22 Aralık 2019 Pazar

AVRUPA BİRLİĞİ’NİN SANAYİ POLİTİKASI VE TÜRK SANAYİSİNE ETKİLERİ., BÖLÜM 2

AVRUPA BİRLİĞİ’NİN SANAYİ POLİTİKASI VE TÜRK SANAYİSİNE ETKİLERİ., BÖLÜM 2


2.2.1. Girişim ve Girişimcilik için Çok Yıllı Program 

2001-2005 dönemindeki belli başlı hedeflere ulaşmada gelişme kaydetmek üzere, “Girişim ve Girişimcilik için Çok Yıllı Program” ortaya koyulmuştur. 
KOBİ’ler geniş Avrupa Bilgi Merkezleri ağından ve daha sonraki aşamalarda KOBİ’ler için finansmanı kolaylaştıran programlardan yararlanacaklardır. 
Programın mali portresi 450 milyon Euro’dur (Schmahl ve Koch, 2001:26). 

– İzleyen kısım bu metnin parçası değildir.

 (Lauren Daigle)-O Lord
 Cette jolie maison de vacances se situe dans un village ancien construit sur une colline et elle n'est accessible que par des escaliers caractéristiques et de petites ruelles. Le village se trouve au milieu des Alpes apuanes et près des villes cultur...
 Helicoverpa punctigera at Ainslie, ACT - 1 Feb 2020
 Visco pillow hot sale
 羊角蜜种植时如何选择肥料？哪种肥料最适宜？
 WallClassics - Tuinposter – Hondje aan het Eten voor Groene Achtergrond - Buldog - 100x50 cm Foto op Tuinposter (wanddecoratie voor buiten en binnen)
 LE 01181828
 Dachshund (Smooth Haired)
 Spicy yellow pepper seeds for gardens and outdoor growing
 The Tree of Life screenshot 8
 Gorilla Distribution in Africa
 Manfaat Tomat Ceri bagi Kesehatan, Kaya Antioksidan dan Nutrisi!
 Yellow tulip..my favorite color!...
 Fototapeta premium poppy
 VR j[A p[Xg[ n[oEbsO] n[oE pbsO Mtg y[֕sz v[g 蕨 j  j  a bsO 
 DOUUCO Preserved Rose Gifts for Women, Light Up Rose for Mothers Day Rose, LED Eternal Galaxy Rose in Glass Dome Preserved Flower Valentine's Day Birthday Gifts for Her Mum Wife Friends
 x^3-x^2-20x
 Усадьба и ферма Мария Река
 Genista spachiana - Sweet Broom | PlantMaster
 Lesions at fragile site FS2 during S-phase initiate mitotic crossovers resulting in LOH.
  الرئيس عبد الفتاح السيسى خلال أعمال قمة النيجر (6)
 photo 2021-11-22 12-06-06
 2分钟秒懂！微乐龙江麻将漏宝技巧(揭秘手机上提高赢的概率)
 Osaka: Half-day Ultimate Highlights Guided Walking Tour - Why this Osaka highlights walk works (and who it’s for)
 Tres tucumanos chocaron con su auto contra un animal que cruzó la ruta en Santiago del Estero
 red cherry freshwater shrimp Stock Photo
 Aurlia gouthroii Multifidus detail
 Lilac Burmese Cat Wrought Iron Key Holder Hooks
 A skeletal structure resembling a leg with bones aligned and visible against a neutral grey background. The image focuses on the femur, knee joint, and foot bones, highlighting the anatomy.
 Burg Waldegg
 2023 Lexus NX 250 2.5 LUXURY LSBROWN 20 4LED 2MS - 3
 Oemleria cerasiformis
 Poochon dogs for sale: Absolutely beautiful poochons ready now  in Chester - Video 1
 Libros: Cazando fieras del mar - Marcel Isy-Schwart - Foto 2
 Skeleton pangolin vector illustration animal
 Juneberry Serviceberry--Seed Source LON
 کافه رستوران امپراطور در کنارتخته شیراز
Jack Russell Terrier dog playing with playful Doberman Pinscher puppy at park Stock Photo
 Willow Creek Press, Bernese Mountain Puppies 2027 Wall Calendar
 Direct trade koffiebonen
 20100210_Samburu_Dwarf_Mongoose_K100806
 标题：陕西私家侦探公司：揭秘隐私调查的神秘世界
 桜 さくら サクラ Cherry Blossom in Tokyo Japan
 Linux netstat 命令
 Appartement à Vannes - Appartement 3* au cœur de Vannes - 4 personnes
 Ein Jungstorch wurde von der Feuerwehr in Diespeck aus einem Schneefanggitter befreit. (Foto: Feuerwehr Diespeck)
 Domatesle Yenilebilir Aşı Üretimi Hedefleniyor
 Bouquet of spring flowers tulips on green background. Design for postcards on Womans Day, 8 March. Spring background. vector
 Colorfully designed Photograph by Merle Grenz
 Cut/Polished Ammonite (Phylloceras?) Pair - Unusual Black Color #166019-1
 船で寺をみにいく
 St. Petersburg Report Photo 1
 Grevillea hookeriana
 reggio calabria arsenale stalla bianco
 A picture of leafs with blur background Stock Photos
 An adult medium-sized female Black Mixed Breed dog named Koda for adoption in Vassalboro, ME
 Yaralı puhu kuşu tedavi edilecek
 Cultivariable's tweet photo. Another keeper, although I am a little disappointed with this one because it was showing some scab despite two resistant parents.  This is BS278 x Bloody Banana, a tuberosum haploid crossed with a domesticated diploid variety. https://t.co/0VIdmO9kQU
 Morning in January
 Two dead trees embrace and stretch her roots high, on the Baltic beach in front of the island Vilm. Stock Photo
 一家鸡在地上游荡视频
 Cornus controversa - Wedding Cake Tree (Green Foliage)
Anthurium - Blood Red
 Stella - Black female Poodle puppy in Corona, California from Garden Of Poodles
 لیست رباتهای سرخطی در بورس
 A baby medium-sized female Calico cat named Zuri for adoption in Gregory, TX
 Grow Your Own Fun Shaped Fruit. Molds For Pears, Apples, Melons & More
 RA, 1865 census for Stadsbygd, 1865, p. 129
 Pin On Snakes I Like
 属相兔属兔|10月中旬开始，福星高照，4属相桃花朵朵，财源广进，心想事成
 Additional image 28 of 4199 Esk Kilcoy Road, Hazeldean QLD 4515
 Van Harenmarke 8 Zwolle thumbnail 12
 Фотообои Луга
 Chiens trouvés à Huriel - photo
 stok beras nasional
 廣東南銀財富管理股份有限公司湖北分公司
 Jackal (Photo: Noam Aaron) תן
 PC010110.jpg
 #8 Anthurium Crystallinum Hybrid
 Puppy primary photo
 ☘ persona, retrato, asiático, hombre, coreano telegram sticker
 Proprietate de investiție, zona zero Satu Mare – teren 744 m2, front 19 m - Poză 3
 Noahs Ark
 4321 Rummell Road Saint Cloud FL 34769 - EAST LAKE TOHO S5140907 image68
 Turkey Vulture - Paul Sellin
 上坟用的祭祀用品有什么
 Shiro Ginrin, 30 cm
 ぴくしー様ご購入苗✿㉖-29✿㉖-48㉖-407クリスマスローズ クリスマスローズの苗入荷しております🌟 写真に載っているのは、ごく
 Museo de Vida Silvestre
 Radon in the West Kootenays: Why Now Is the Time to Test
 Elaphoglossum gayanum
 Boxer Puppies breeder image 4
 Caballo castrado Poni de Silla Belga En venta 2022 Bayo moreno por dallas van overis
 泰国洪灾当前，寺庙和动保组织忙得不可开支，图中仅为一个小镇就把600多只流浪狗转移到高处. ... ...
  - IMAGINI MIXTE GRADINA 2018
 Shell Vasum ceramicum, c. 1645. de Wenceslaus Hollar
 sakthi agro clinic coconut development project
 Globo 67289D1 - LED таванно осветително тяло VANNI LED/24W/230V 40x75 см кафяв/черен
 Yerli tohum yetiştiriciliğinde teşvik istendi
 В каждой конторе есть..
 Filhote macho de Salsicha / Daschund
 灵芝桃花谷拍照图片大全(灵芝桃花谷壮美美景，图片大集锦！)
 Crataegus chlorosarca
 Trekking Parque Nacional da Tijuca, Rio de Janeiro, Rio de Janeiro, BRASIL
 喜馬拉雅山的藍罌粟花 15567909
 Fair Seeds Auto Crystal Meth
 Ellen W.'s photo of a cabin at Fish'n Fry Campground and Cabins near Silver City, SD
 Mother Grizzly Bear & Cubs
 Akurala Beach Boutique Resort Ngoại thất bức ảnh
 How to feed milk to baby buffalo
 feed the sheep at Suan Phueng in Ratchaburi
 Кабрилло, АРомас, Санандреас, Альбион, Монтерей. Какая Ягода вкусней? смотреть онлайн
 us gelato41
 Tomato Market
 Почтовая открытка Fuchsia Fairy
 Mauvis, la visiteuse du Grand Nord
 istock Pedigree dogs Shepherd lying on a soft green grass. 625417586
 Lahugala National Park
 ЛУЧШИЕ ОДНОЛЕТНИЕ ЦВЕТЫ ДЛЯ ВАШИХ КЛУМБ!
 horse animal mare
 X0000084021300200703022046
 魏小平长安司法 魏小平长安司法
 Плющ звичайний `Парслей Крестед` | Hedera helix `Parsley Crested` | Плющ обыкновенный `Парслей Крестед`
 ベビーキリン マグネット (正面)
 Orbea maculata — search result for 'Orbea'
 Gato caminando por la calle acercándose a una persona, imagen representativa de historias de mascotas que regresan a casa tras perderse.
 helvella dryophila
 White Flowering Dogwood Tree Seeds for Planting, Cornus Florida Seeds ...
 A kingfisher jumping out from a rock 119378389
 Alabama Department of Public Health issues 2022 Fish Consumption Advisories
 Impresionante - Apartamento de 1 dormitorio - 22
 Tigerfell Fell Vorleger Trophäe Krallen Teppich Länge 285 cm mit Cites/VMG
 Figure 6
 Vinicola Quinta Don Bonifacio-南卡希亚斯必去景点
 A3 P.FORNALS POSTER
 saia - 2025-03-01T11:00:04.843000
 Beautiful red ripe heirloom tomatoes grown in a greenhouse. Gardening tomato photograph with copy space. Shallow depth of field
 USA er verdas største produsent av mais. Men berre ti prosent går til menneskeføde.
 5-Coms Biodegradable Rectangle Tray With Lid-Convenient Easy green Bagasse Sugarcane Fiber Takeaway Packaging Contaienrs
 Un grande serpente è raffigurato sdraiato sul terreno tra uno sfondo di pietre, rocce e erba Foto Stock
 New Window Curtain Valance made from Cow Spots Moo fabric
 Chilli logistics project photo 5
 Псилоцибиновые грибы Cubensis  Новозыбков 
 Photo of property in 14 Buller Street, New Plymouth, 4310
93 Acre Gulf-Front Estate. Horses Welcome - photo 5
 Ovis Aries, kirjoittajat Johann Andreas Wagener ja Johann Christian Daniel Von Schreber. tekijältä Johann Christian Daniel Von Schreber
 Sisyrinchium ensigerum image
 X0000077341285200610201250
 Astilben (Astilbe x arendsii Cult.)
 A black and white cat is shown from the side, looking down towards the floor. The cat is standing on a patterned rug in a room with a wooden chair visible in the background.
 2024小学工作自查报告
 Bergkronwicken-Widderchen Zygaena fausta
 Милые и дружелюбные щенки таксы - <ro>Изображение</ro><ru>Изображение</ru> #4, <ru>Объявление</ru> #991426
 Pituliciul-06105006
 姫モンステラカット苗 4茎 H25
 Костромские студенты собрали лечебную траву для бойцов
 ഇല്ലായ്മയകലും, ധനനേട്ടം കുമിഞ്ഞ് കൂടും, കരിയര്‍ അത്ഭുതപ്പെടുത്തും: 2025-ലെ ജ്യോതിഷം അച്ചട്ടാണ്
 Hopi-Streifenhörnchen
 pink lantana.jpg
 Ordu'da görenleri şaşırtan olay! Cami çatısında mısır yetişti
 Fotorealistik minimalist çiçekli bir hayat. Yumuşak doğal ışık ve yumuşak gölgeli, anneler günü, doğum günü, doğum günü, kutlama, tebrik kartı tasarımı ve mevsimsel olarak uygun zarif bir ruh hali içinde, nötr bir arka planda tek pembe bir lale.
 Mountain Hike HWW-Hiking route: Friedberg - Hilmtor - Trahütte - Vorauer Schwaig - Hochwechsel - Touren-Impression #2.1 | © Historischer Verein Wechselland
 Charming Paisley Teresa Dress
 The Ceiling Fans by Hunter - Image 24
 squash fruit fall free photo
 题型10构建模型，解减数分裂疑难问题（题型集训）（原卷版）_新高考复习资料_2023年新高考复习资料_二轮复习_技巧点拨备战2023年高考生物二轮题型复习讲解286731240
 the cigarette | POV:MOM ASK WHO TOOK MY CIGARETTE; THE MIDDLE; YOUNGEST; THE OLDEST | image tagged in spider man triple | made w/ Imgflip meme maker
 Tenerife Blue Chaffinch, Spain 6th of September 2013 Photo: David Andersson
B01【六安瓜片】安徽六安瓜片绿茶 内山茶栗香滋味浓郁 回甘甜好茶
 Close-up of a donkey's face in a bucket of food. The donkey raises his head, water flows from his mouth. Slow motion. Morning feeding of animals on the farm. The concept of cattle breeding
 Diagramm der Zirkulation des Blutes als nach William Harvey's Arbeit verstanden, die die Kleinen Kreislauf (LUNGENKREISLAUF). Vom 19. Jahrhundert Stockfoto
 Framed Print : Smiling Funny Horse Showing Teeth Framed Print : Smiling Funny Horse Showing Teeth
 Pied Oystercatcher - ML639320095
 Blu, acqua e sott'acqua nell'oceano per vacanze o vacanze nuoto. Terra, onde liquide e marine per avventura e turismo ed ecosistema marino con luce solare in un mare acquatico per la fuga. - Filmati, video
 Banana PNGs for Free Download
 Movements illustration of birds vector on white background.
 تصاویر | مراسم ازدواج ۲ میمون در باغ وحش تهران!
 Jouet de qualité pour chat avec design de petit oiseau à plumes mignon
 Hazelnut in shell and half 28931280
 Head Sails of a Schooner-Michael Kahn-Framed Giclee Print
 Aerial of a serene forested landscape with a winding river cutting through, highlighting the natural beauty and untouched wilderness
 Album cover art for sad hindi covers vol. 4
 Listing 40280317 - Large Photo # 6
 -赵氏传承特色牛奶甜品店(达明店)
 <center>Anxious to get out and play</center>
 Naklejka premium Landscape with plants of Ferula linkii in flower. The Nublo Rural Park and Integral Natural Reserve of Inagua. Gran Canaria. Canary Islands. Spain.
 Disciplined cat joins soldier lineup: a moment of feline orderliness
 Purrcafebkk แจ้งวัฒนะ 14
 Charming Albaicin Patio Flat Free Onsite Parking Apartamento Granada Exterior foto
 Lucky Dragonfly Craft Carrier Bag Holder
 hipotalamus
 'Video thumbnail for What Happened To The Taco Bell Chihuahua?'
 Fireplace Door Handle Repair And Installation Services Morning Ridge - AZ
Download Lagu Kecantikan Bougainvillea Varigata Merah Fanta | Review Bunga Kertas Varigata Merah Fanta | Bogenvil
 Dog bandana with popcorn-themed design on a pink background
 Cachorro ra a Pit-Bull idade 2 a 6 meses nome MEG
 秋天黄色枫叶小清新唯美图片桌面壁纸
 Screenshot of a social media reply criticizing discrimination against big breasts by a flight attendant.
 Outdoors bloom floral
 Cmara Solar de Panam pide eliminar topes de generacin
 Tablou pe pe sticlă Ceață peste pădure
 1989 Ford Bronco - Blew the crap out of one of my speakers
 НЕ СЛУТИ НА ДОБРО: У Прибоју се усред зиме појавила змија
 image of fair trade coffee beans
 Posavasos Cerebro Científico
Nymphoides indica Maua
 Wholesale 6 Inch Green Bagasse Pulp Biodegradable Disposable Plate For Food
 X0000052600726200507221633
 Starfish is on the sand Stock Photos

2.2.1.1. Avrupa Bilgi Merkezleri (Euro Info Centres) 

Avrupa Bilgi Merkezleri, KOBİ’lerin AB ve Tek Pazar’a adaptasyonunu hızlandırmak için Avrupa Komisyonu, Girişimler Genel Müdürlüğü’nün 1987 
yılında oluşturmaya başladığı KOBİ bilgi ağıdır. KOBİ'lerle doğrudan bağlantı içinde olan kamu, özel veya karma yapıya sahip ticaret odaları, kalkınma ajansları vb. kurumlardan oluşan bir ağ çerçevesinde yapılanan Avrupa Bilgi Merkezleri, işletmeleri Birlik programları ve politikalarına ilişkin alanlarda bilgilendirme, yönlendirme, danışmanlık sağlama ve destek verme işlevlerini yürütmektedir. Böylece, ihracat fırsatları, AB bütçesinden finanse edilen projelere katılım gibi AB’nin sağladığı imkanlara KOBİ’lerin daha kolay erişimine yardımcı olmaktadır. Bu bağlamda broşür, bilgi bültenleri gibi çeşitli dokümanlar işletmelerin kullanımına sunulmakta; ayrıca seminer ve konferanslar düzenlenmektedir. Ortak arayışında işletmelere yardımcı olunması da Avrupa Bilgi Merkezlerinin faaliyet alanı içine girmektedir. 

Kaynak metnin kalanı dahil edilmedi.